Invention Title:

METHOD AND APPARATUS WITH THREE-DIMENSIONAL OBJECT DETECTION

Publication number:

US20250356667

Publication date:

2025-11-20

Section:

Physics

Class:

G06V20/64

Inventors:

Dongwook LEE 🇰🇷 Suwon-si, South Korea

JIWON LEE 🇰🇷 Suwon-si, South Korea

Jinkyu Kim 🇰🇷 Seoul, South Korea

Sujin JANG 🇰🇷 Suwon-si, South Korea

Dae Hyun JI 🇰🇷 Suwon-si, South Korea

Sangpil KIM 🇰🇷 Seoul, South Korea

Gyusam CHANG 🇰🇷 Seoul, South Korea

Assignees:

SAMSUNG ELECTRONICS CO., LTD. 🇰🇷 Suwon-si, South Korea

KOREA UNIVERSITY RESEARCH AND BUSINESS FOUNDATION 🇰🇷 SEOUL, South Korea

Applicants:

SAMSUNG ELECTRONICS CO., LTD. 🇰🇷 Suwon-si, South Korea

KOREA UNIVERSITY RESEARCH AND BUSINESS FOUNDATION 🇰🇷 Seoul, South Korea

Smart overview of the Invention

The method and apparatus for three-dimensional (3D) object detection outlined here involve a series of steps using image processing techniques. Initially, two-dimensional (2D) image features are extracted from multiple images via an image backbone. These features are then transformed into a 3D feature map that includes depth prediction information through a view transformer, which is specifically designed for domain generalization.

Technique Details

The transformation to a bird's eye view (BEV) feature is accomplished using a BEV encoder. This BEV feature is crucial for predicting the position and class of the detected object through a detection head.
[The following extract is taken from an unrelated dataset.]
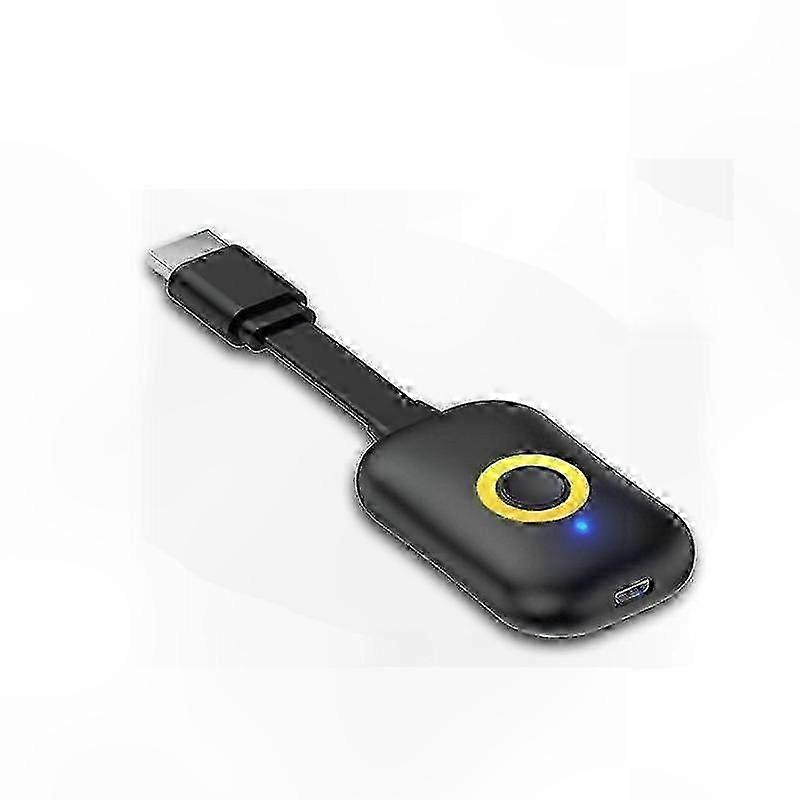 4K HDMI TV Stick Wireless WiFi Display Dongle for iOS Android Screen Mirroring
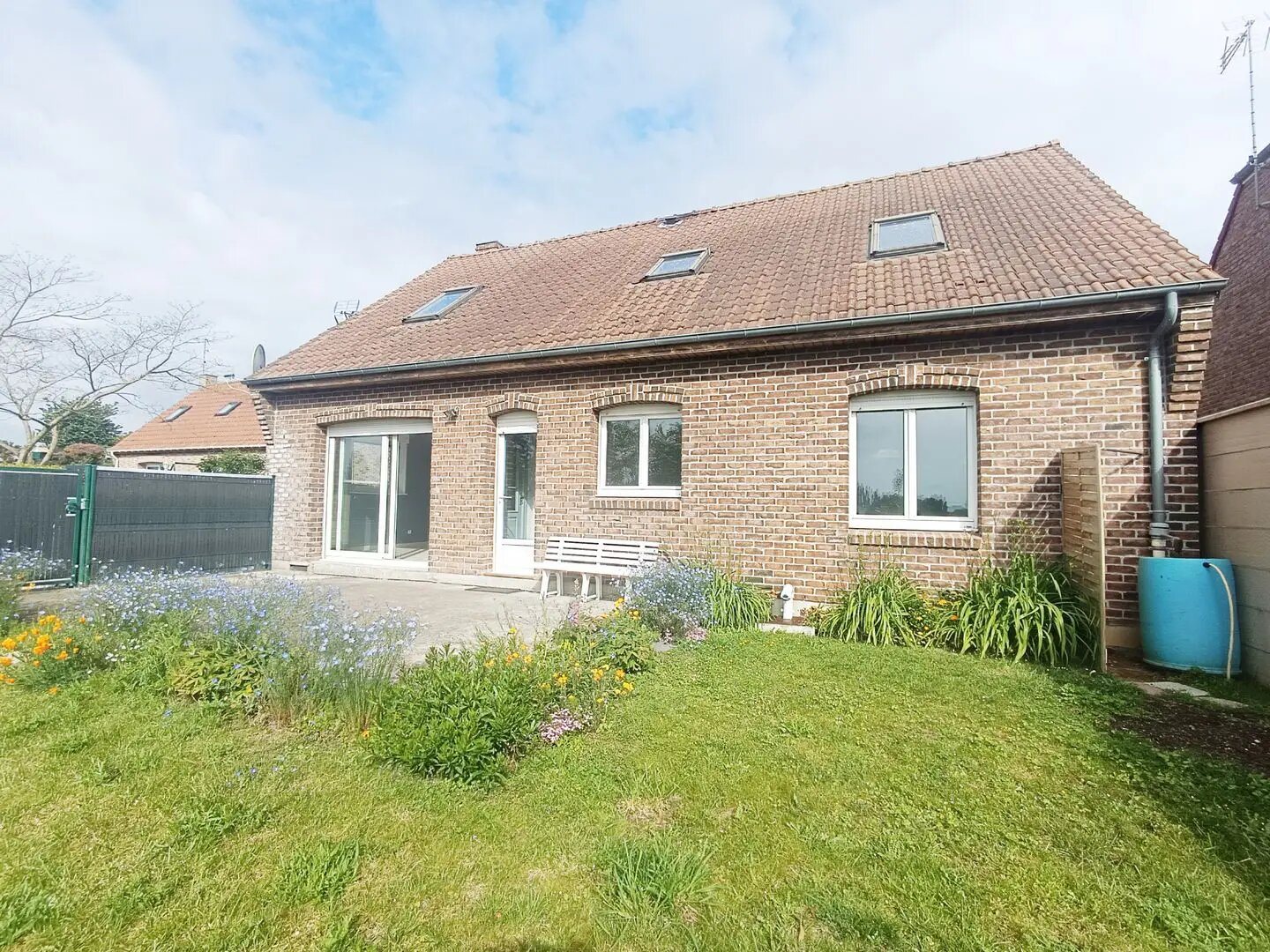 Maison à vendre, 97m², Raillencourt-Sainte-Olle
The process involves DepthNet, which predicts depth outputs and inputs them along with 2D features into a BEV pool, enabling accurate 3D mapping.

Depth Normalization

A significant aspect of this method is the relative depth normalization technique, which reduces errors in depth and position prediction due to camera parameter differences. This involves calculating a transformation matrix for geometric transformations between camera pairs. The method further refines alignment between images using photometric matching based on depth predictions.

Domain Adaptation

The system incorporates domain adaptation adapters in components like the image backbone and view transformer. These adapters allow for fine-tuning parameters by performing operations such as skip connections, which help in updating gradients effectively. This adaptability ensures the system can generalize across various domains.

Additional Features

The method also includes augmenting the 3D feature map via decoupling-based image depth estimation, enhancing its robustness. The described system can be implemented in electronic devices with memory and processors capable of executing these instructions, ensuring versatile application in fields like autonomous vehicle navigation and robotics.